*BRIEF*
The reply should match the listing below character for character, except that no image is carried over.

*THE DATA*

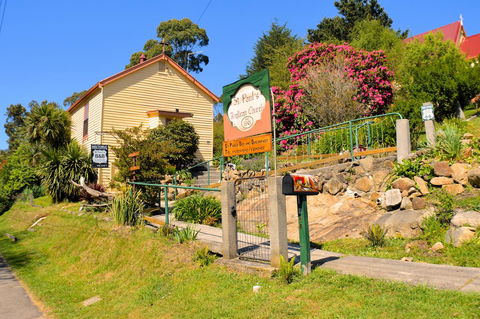 St. Pauls Bed & Breakfast - Northern Rivers Accommodation 43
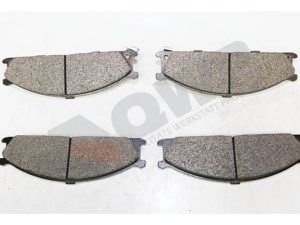 Set placute frana QWP WBP835 – FORD | AutoRival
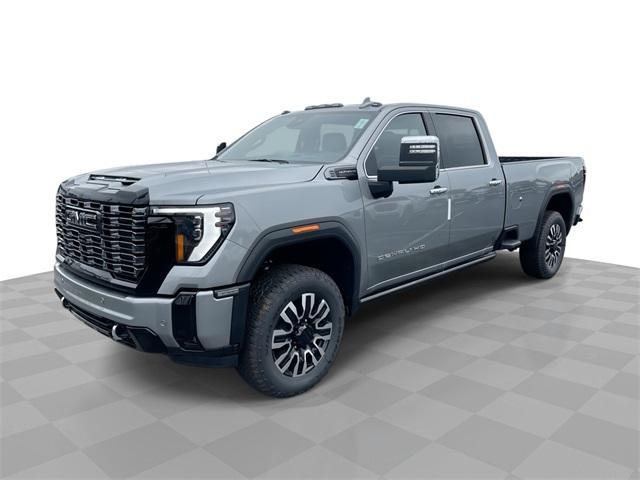 new 2025 GMC Sierra 3500 car, priced at $98,964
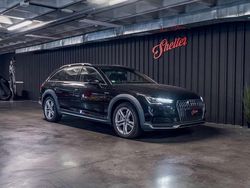 Negro Usado 2019 Audi A4 Allroad Premium Familiar | 32.900 € (Precio justo)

*ANSWER AREA*
 St. Pauls Bed & Breakfast - Northern Rivers Accommodation 43
 Set placute frana QWP WBP835 – FORD | AutoRival
 new 2025 GMC Sierra 3500 car, priced at $98,964
 Negro Usado 2019 Audi A4 Allroad Premium Familiar | 32.900 € (Precio justo)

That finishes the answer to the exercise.